IG Lombard – Peter Stütz antwortet uns auf Presseanfrage

Sehr geehrter Herr Bremer,

zu Ihrer Email vom heutigen Tage möchte ich wie folgt Stellung nehmen:

Ich und weitere 5 Kollegen haben die IG sowohl als Anleger und / oder auch als Vermittler gegründet. Ich bin selbst mit einem hohen Betrag am Lombard Classic 2 beteiligt und wie ich es auch in meinem Anschreiben zum Ausdruck gebracht habe, besorgt über die Entwicklung der letzten Monate. Ferner habe ich die Anlage auch meinen Kunden beraten, denen ich mich verpflichtet fühle. Das von Ihnen angesprochene „Eingeständnis“ einer eigenen Haftung („Selbstschutz“) weise ich ausdrücklich zurück. Ich habe die Beteiligungen stets nach bestem Wissen und Gewissen meinen Kunden empfohlen. Ich empfinde es als nicht verwerflich, mich für meine Mandanten auch dann einzusetzen, wenn es mal nicht „glatt“ läuft. Die Kanzlei Klumpe habe ich gebeten, mich bei der Gründung der IG anwaltlich zu beraten. Die Kanzlei ist mir aus meiner langjährigen Tätigkeit in der Branche gut bekannt.

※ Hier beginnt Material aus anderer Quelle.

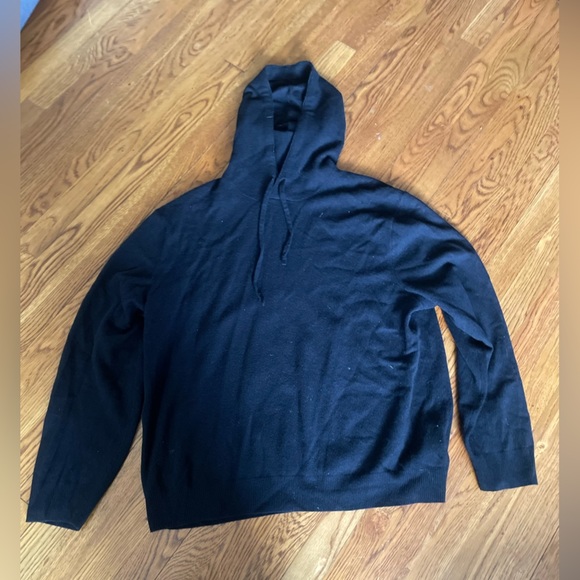 Polo Ralph Lauren Tops - Polo Ralph Lauren Black Hoodie Size XL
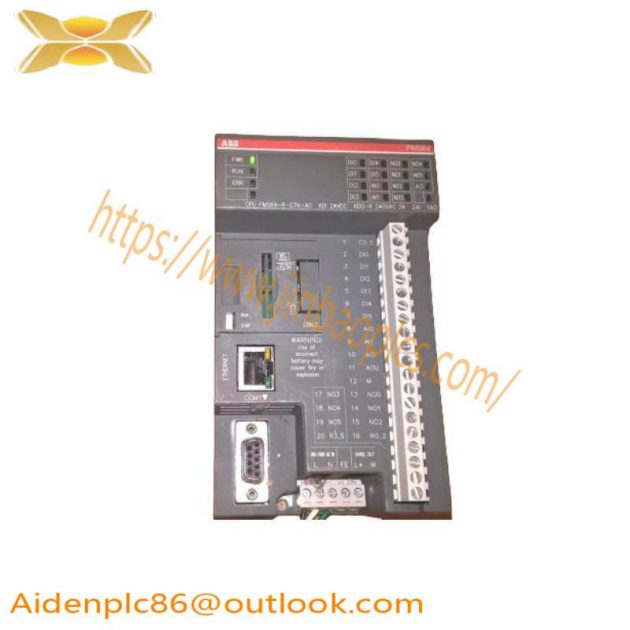 ABB PM564-R-ETH A0 PLC Central Processing Unit - Advanced Control Solution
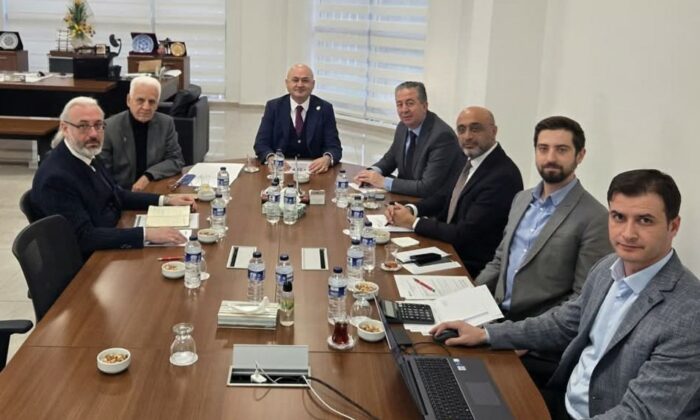 Kütahya 30 Ağustos OSB Yönetim Kurulu Toplantısı gerçekleştirildi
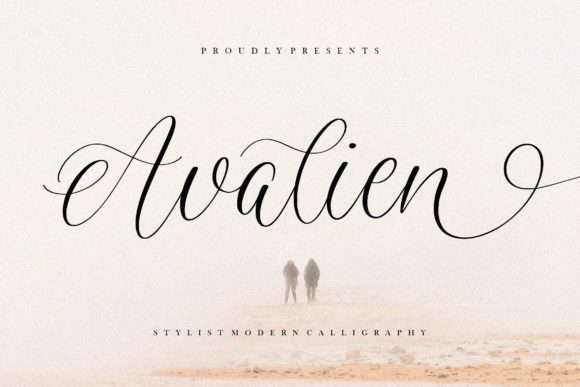 Elevate Your Brand with Avalien: A Stylish Script Font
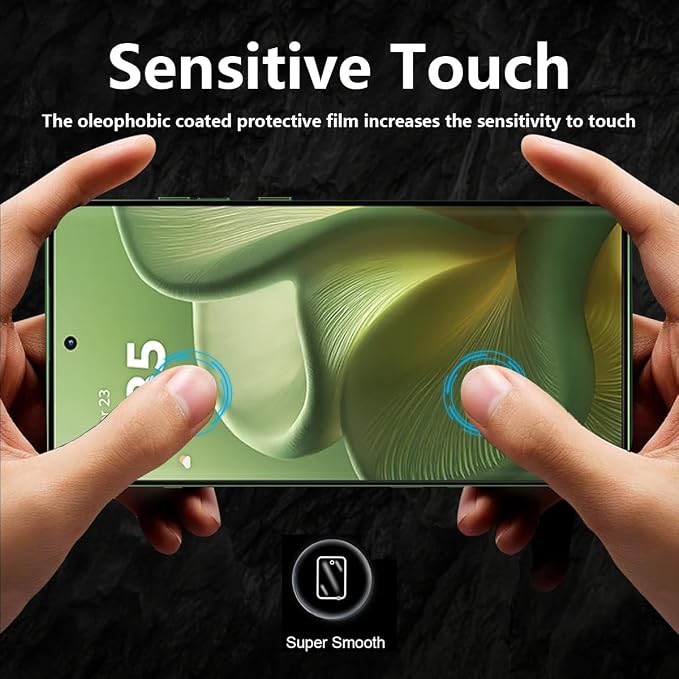 Privacy Tempered Glass for Motorola Edge 2025 Screen Protector, 9H Hardness - Image 6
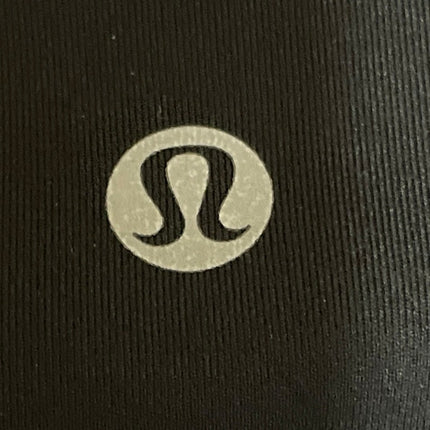 Lululemon Women's Black High Rise Cropped Yoga Athletic Leggings Pants Size S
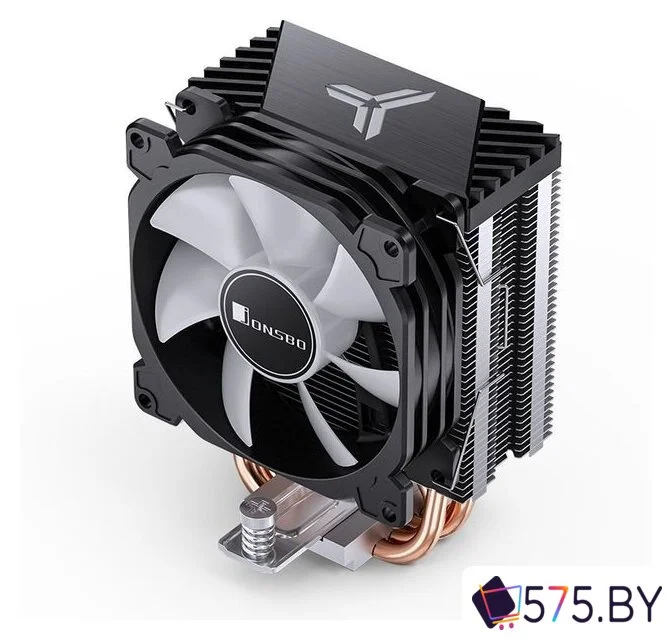 Кулер для процессора Jonsbo CR-1400E (черный) в магазине 575.by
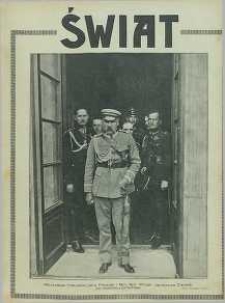 Świat, 1926, R. 21, nr 41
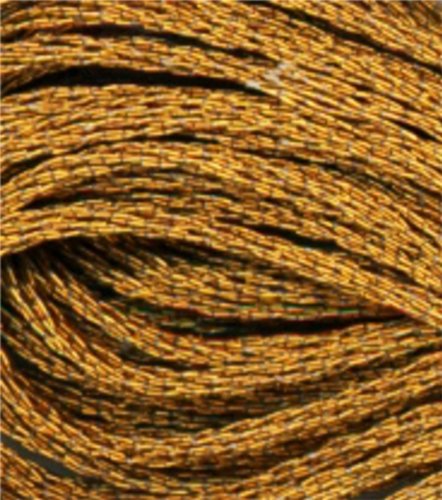 Metallic Embroidery Floss 8.7yds-Golden Oak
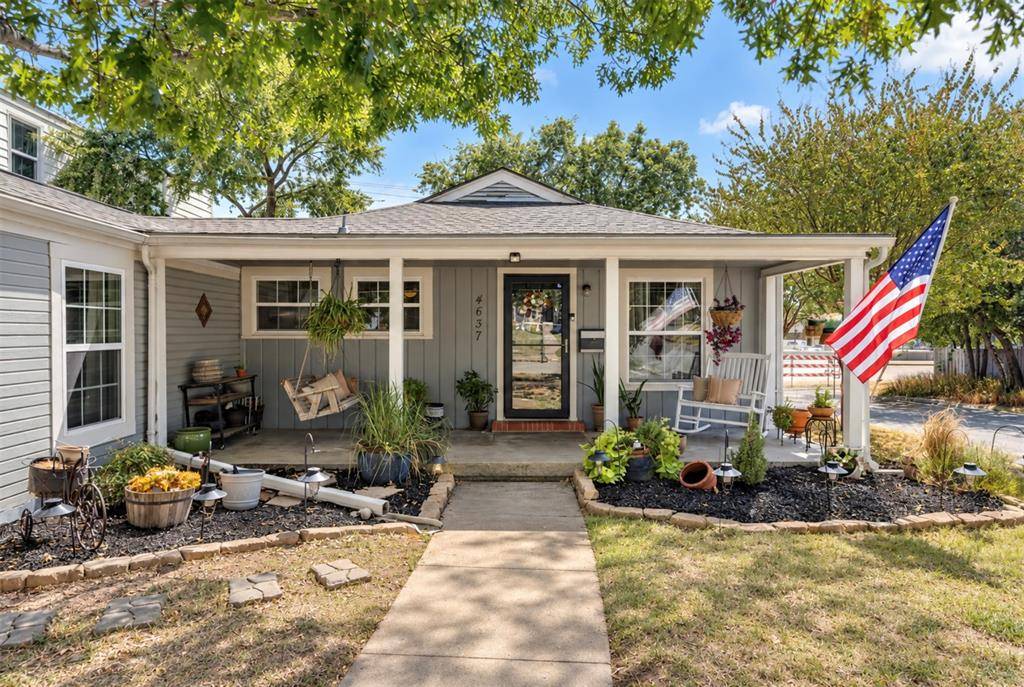 4637 Calmont Avenue, Fort Worth, TX 76107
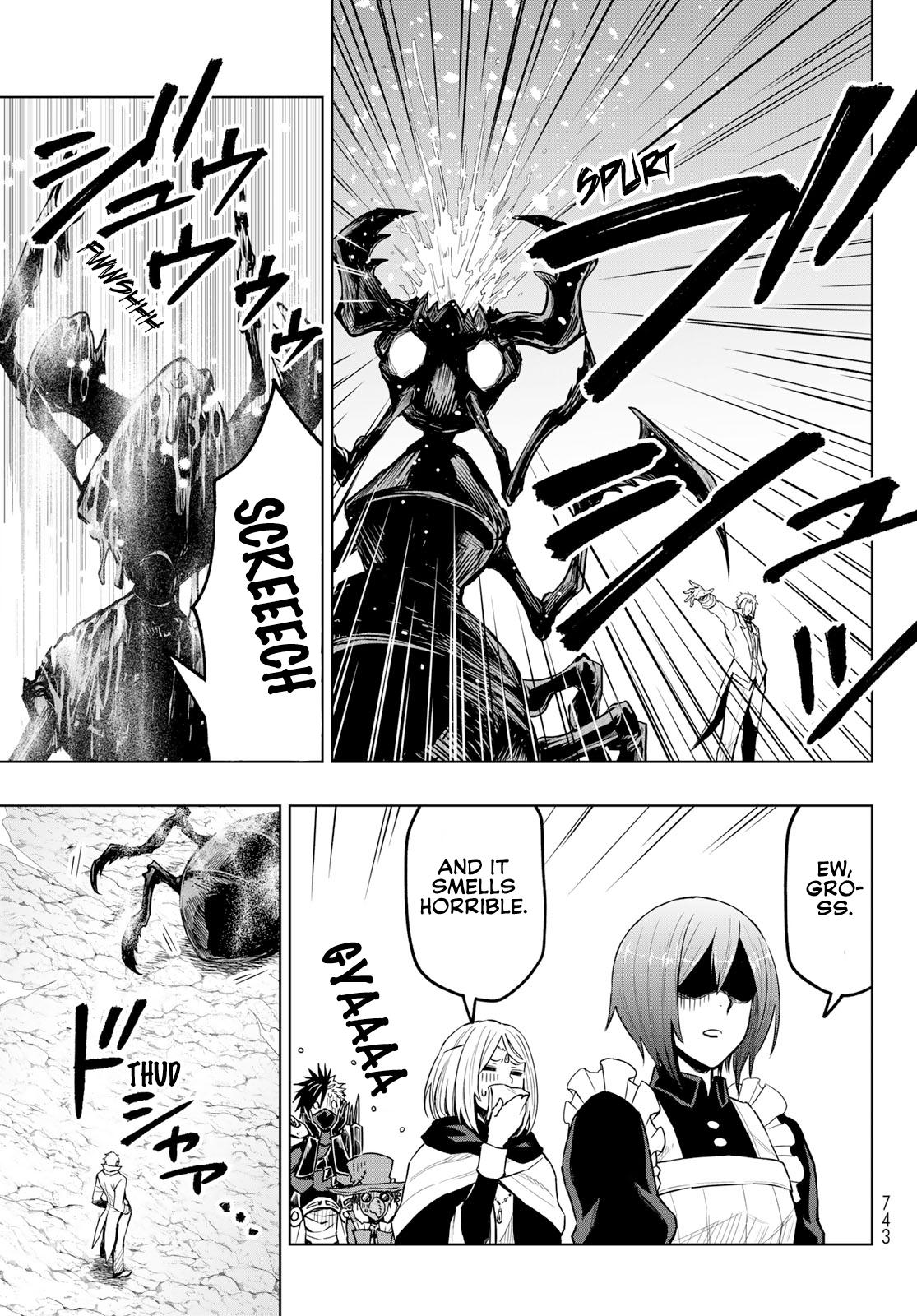That Time I Got Reincarnated as a Slime - Clayman Revenge Chapter 14 page 13 - 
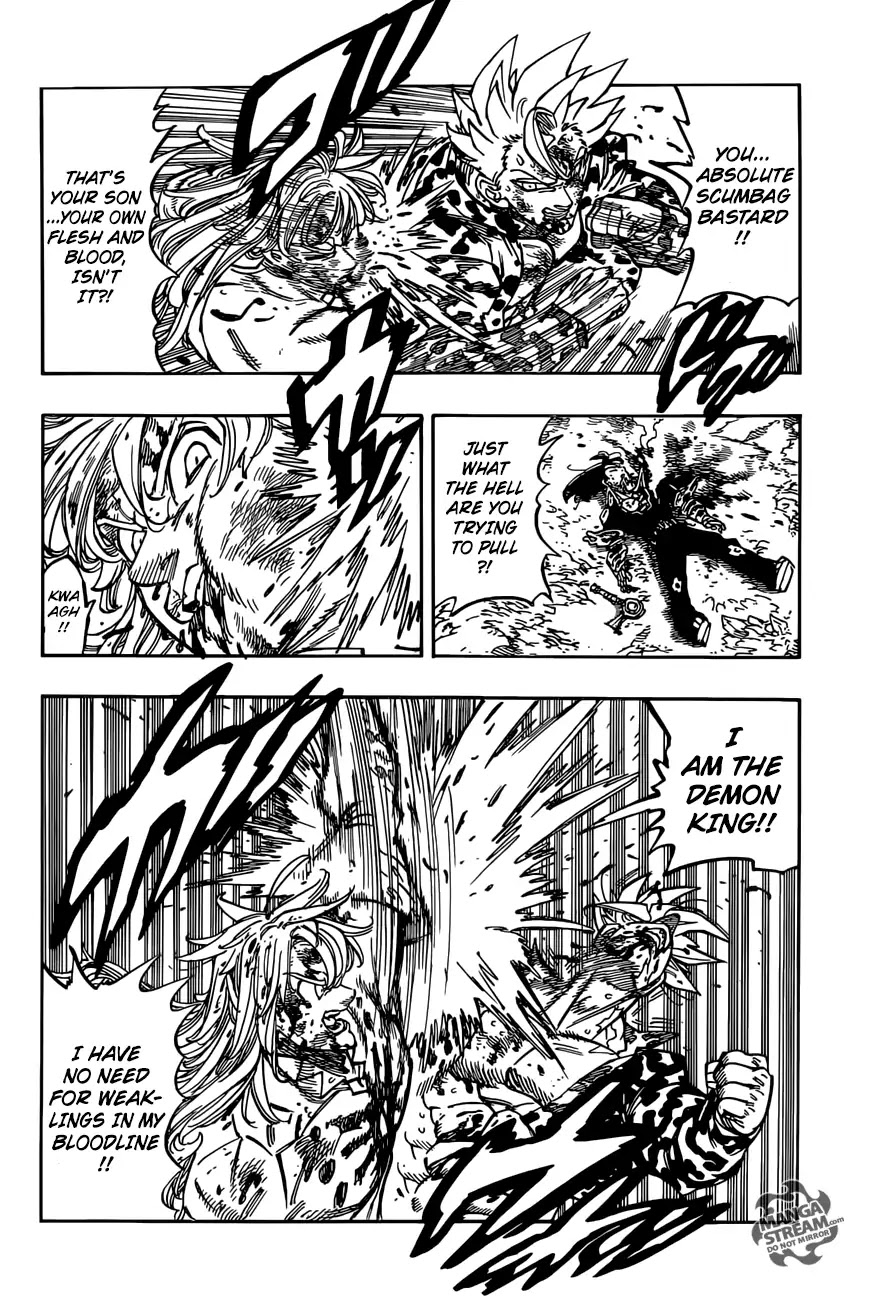 Nanatsu no Taizai Chapter 305 page 3 - Chapter 305: Death Throes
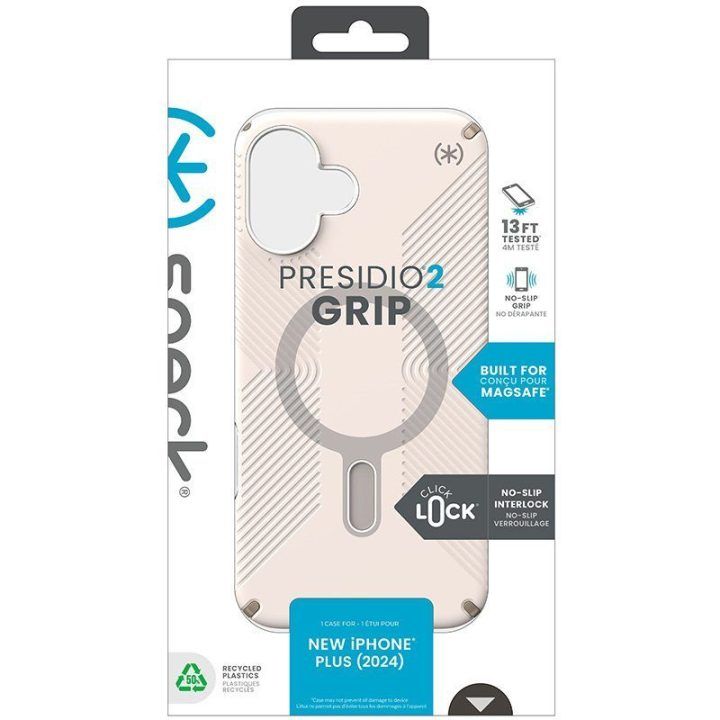 Dėklas iPhone 16 Plus Speck Presidio2 Grip MagSafe
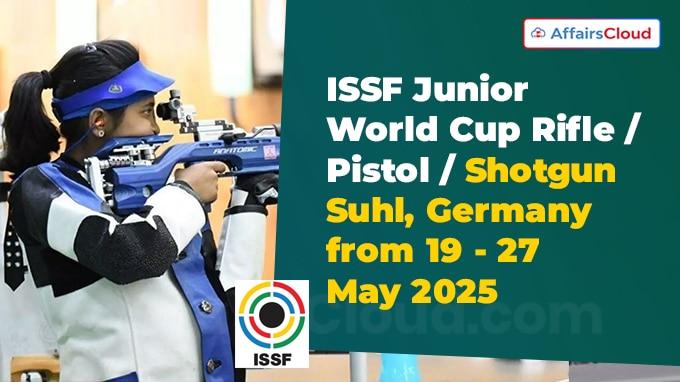 ISSF World Cup 2025 Ningbo: Know shooting schedule and watch live streaming in India – Olympics.com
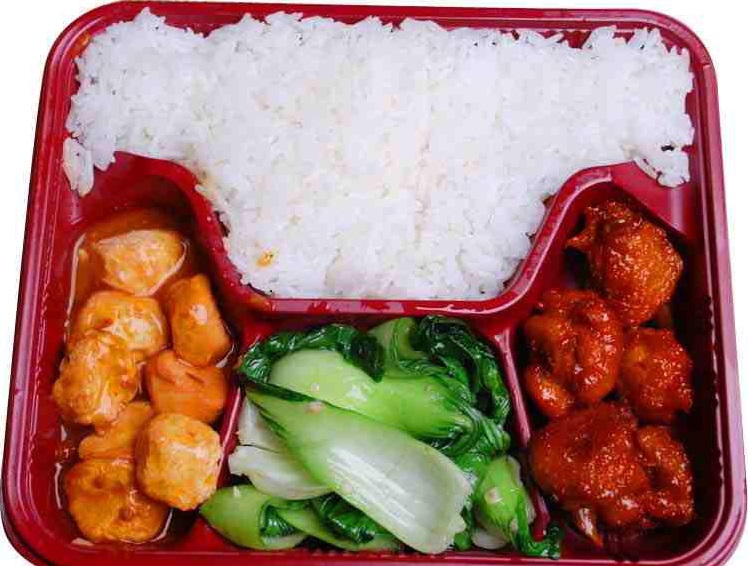 喵小捞金汤捞饭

Den Vorwurf der „Mandantenfängerei“ weise ich ebenfalls zurück. Ziel der IG ist es, die bisherigen Geschäftsvorgänge zu überprüfen und die Interessen der Anleger bei der Abwicklung der Fonds wahrzunehmen. Hierfür bedürfen wir natürlich auch einer anwaltlichen Beratung. Auf keinen Fall wird die IG aber ihre Mitglieder dazu aufrufen, der Kanzlei Klumpe / Herrn Rechtsanwalt Dr. Sieprath ein Mandat zu erteilen. Die weiteren Ziele und sonstigen Argumente und Hinweise entnehmen Sie bitte meinem Schreiben, die Ihnen ja vorliegen.

Das Anschreiben habe ich über mein Büro versandt, d.h. meine Firma hat sämtliche Kosten getragen. Im Übrigen teile ich mit, dass ich – abgesehen von einigen Vermittlern – ausschließlich nur meine eigenen Kunden angeschrieben habe und entgegen Ihrer Annahme keine „fremden“ Adressen verwendet habe. Warum dies ein Fall für den „Datenschutzbeauftragten“ sein sollte, kann ich nicht erkennen.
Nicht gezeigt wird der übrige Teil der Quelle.